Data records:

----------------

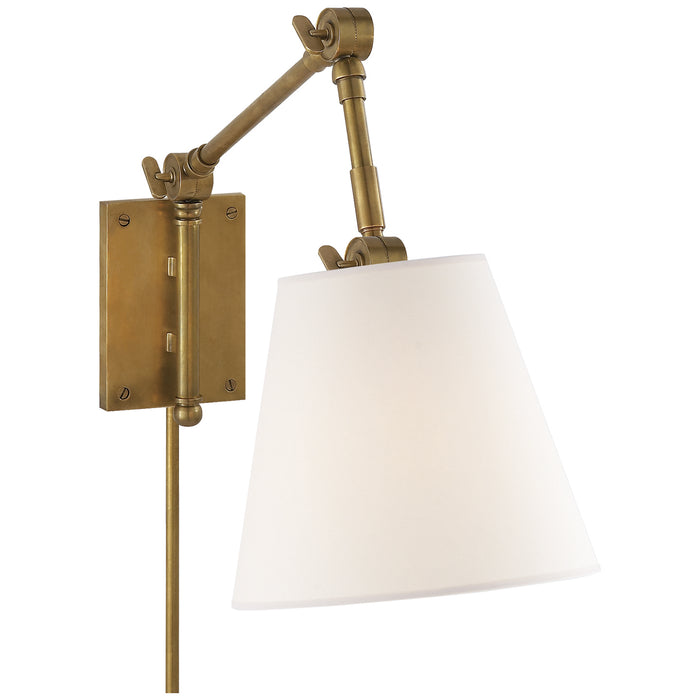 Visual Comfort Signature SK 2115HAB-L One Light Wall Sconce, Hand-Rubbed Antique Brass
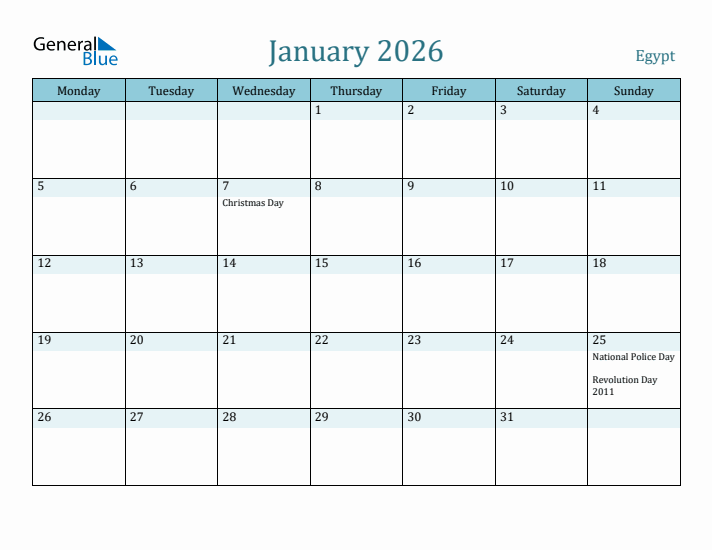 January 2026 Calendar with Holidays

----------------

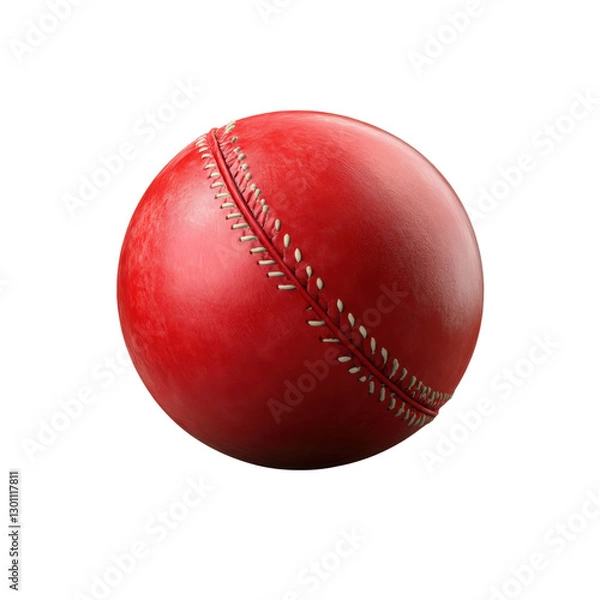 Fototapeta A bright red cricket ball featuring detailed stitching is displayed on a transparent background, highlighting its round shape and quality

----------------

Work to be completed:
Copy needed, without pictures: the lines of the listing above from the line containing "Visual Comfort Signature" up to and including the line containing "January 2026 Calendar with Holidays", set down exactly.

Answer to the problem:
 Visual Comfort Signature SK 2115HAB-L One Light Wall Sconce, Hand-Rubbed Antique Brass
 January 2026 Calendar with Holidays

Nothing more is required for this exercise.